Justice Conway applied the Supreme Court’s guidance in Sattva Capital Corp., that the overriding concern in contractual interpretation is to ascertain the intent of the parties and the scope of their understanding, and to that end contracts are read as a whole. The Court placed much weight on the parties' having allocated the systemic risk of a pandemic to the buyer, by explicitly excluding outbreaks from the definition of a Company MAE. The Court considered Cineworld’s interpretation of the Operating Covenant would have effectively changed that bargain by reallocating the risk of an outbreak of illness back to Cineplex. Cineplex had to alter its operations because of government mandates, and that, the Court held, could not trigger a default under the Operating Covenant.

The Court noted two recent 2020 decisions also arising from M&A deals disrupted by COVID-19, the Delaware decision in AB Stable VIII LLC v MAPS Hotels and Resorts One LLC, C.A., and the Ontario decision in Fairstone Financial Holdings Inc v Duo Bank of Canada. Consistent with these decisions, Justice Conway held that the outbreak of COVID-19 did broaden the scope of ordinary course of business covenants, but not so much as to give sellers a carte blanche. In the case of Cineplex, the Court was especially mindful that the actions taken were established to be prudent, reasonable, and did not seriously impair long-term relationships that would be essential to the future conduct of the business.

The Measure of Damages

The decision is also significant for the approach it takes to damages owed to a seller suing for a failure to complete an M&A transaction. Here, no break fee applied, so Cineplex contended for several potential measures of damages.
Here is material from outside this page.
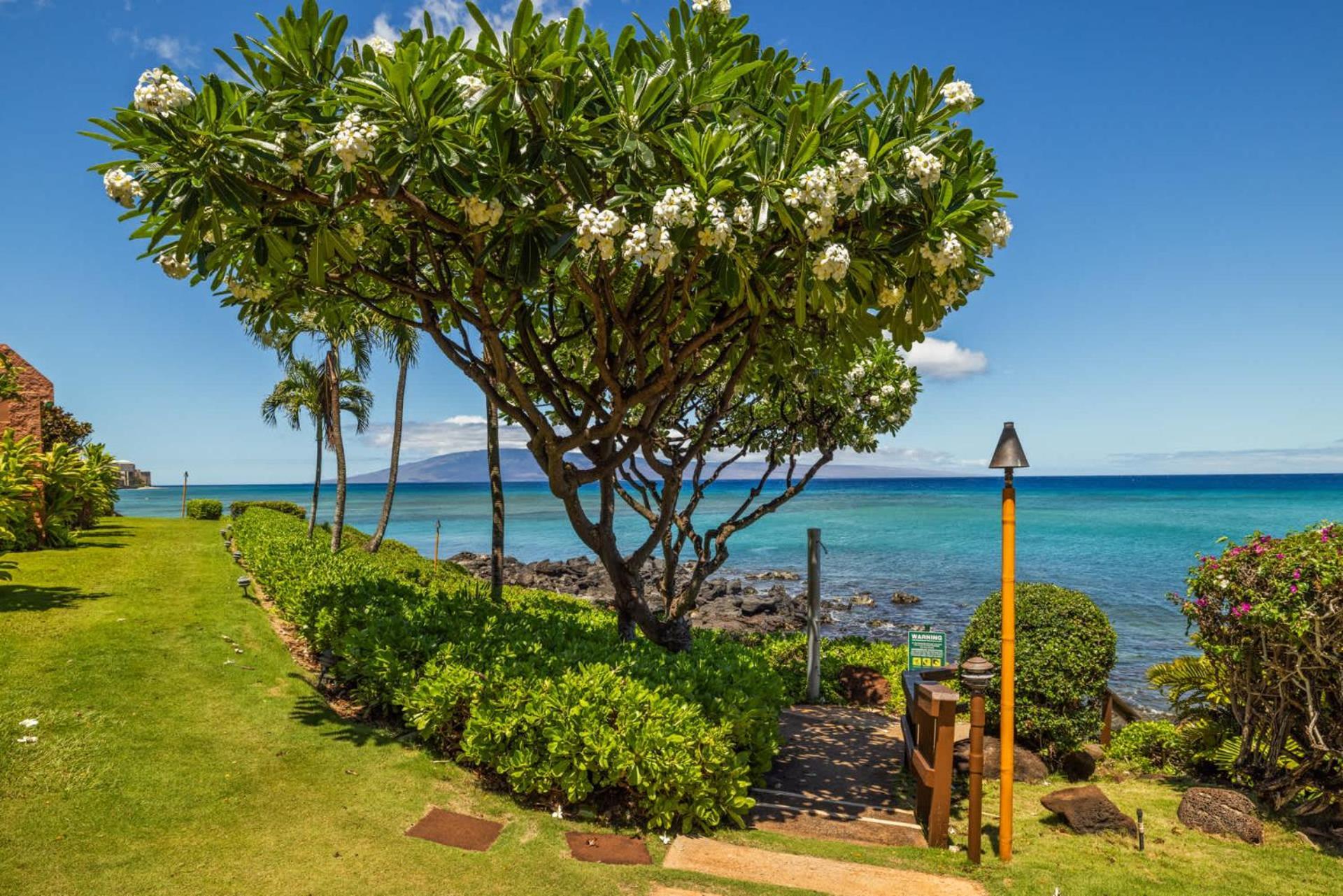 Kuleana Club #611 Oceanfront - 1 Bedroom & 1 Bathroom - Gated 2Nd Fl Kahana Buitenkant foto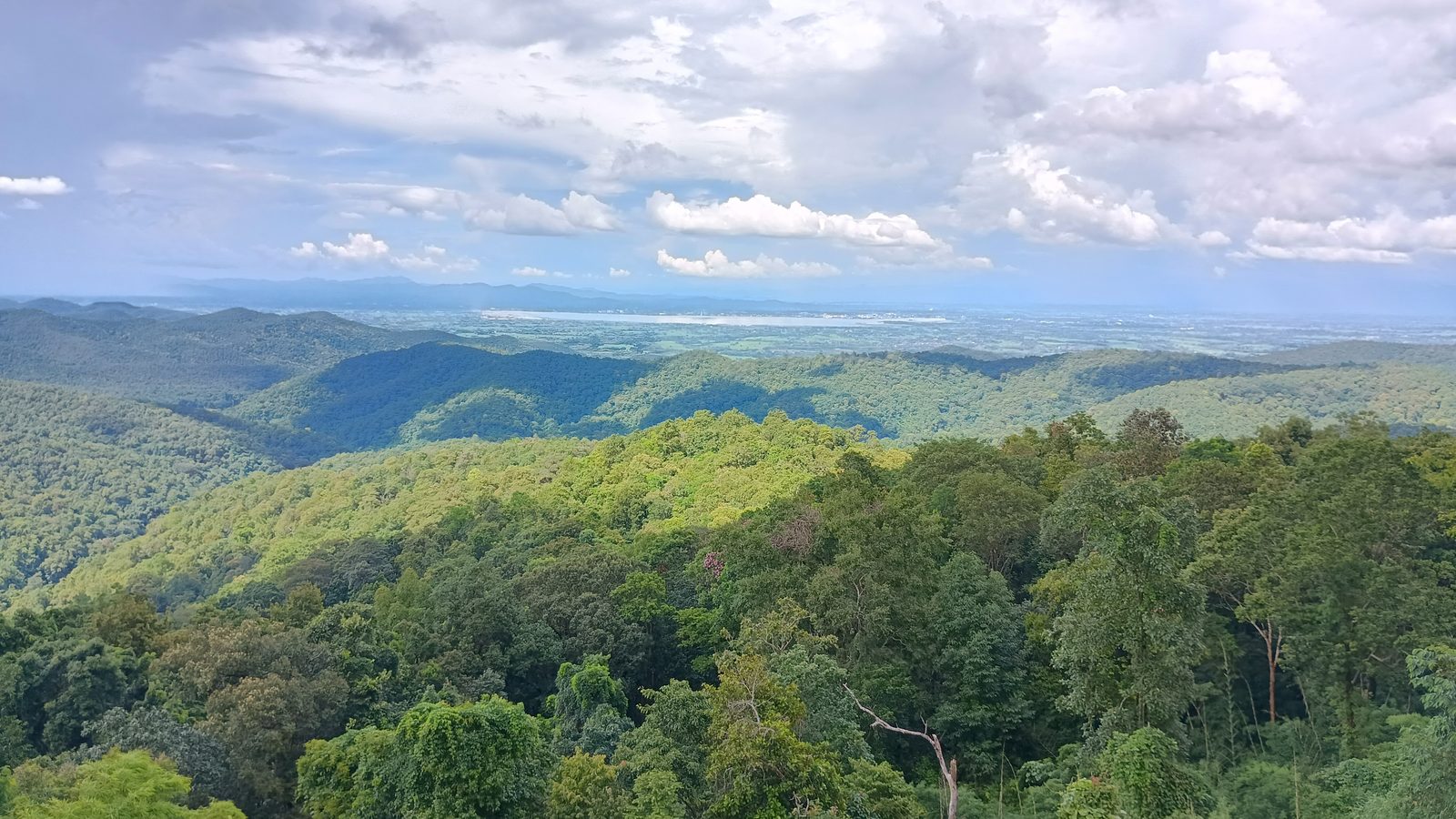 Dinosaur Viewpoint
The two most significant were: (1) the premium that would have been paid to Cineplex shareholders had the transaction been completed; and (2) the “loss of synergies” to Cineplex from failing to complete the transaction.

The Court confirmed that a corporation in the shoes of Cineplex, which had agreed to enter a transaction by which its shareholders’ interests in the corporation were to have been sold, cannot recover losses visited upon those shareholders. The Court stressed the separate legal personality of the shareholders, to whom the consideration under the deal would have been owed. Interestingly, the Court avoided wading into the U.S. debate on this issue, and the circumstances in which acquisition targets can recover consideration payable to shareholders following a failed merger transaction.

However, the Court awarded Cineplex damages based on the loss of synergies that would have accrued to Cineplex had the transaction been completed. The Court accepted there were financial benefits that would have accrued to Cineplex as an entity following the transaction, had it been completed. In this regard, the Court rejected Cineworld’s contention that such damages ought not to have been recoverable given that Cineworld was to have become Cineplex’s ultimate owner and that those benefits would have accrued to Cineworld itself. If other Courts follow this approach to calculating losses in failed M&A transactions, buyers considering terminating such deals must go in eyes wide open about their potential exposure (assuming they have not mitigated this risk by negotiating break fees or other similar provisions).

Cineworld has indicated that they intend to appeal the decision.